Where’s The Fish?
Sudeep Chakravarti’s The Bengalis is a rich feast. Chakravarti passes a difficult test with flying colours.
I was deeply disappointed with this book. I was hoping to point out all the things the author had missed, accompanied by some humorous remarks, but he seems to have covered everything. I had to change my plans.
It was always an exercise fraught with peril. Everyone seems very sensitive these days, but Bengalis always have been. When injustice was done to Sourav Ganguly, we did not keep quiet. Insults to our history and culture are never taken lightly, and Sudeep Chakravarti has now taken his life into his hands and written a book on all of it. He does a good job, as you would expect him to. He is a highly regarded journalist, and the author of several books, including Red Sun, his magisterial account of the Naxalite movement. I used it as a reference while I was trying to write about the Naxals. It was deeply researched and cleanly written. He brings both those qualities to his new book.

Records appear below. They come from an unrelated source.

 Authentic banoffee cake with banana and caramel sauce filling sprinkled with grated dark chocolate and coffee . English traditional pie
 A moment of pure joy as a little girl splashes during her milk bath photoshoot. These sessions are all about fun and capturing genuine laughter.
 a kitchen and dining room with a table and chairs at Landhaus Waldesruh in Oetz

The early part of the book traces the history of Bengal. I was astonished by how rich it used to be. Bengal was famous for fine fabrics. A single piece of muslin would sell at the price of 80,000 chickens. “I have seen no country in the world whose provisions are cheaper than this country,” said Ibn Batuta, in the 14th century. “The finest and most fruitful country in the world,” said Francois Bernier in 1665. It was no wonder that the British grabbed Bengal and refused to let go. In the blink of an eye, they transformed the guiding principle for the peasantry from Nawab Murshid Quli Khan’s “Let them grow rich and the state will grow rich”, to “Milk them dry and we will grow rich”, and a series of famines ensued, most notably in 1770 (10 million dead) and 1943 (two million).

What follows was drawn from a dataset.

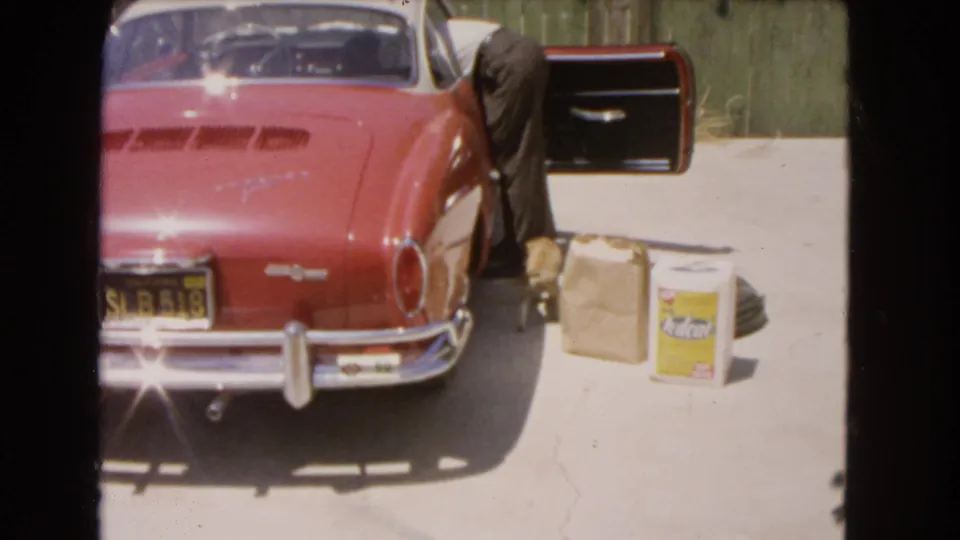 An adult in dark pants leans into the open door of a red Volkswagen Karmann Ghia while a small dog stands by the rear bumper.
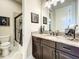 Well-appointed bathroom featuring granite countertops, a shower, and modern fixtures for a luxurious feel at 1509 Amarone Pl, Lutz, FL 33548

They proved incredibly hard to get rid of, especially in Calcutta, where some of them might still be lurking in the Bengal Club, which they originally snatched from Kali Prasanna Sinha, author of the most famous Bengali version of the Mahabharata. Bengal has been pillaged by everybody, starting with Bhima in the Mahabharata, who looted Vanga. Vanga fought in the Great War on the losing side, beginning a tradition of difficult centre-state relations, which continues to this day.
The author traces the ebb and flow of religion in the state, from 500 years of Buddhism under the Pala dynasty to the swift spread of Islam, and the rise of Vaishnavism, inspired by Chaitanya Mahaprabhu. There are many little nuggets to enjoy, such as the fact that Lord Curzon was tortured by his nanny as a child, which explains almost everything else he did subsequently. He covers the evolution of Bengali speaking enclaves such as Cachar, Manipur and Tripura. He traces the development of the language, revealing, for example, that the word “boka”, which we all love, comes from the Arabic word “bewakoof”. He lovingly recreates the moment when Mohun Bagan won the IFA Shield for the first time, in 1911, defeating the East Yorkshire Regiment 2-1, to rousing cries of “Bondey Matorom!” Apparently, the Standard Cycle Company sold over 100,000 cycles by giving a free poster of that Mohun Bagan team with every cycle.
Chakravarti devotes a nice, long chapter to food, as is only to be expected, although he never reveals what wine should be served with chhechki or chochchori. This book is best read as a series of long essays, on subjects such as language, the Bengal Renaissance, modern Bangladesh, the revolutionary era and the diaspora. I had to read it together for the review, and my head is spinning, filled with so many things, like the fact that the Sen dynasty, which ruled Bengal briefly, originally came from Karnataka, and the fact that throughout his book, The City Of Joy, Dominique Lapierre referred to the Eden Gardens as the Garden Of Eden.
It’s a rich feast. Chakravarti has done well. As we say in Bengal, the boy has parts. If I had to quibble, I would complain about fish. Not enough attention has been paid to them. The way in which our souls and fish are intertwined is integral to who we are, and it is not evoked adequately. But otherwise, Chakravarti passes a difficult test with flying colours. So if you’re a Bengali, married to a Bengali, trying to get married to a Bengali, or simply in love with how awesome we are, you should read this book.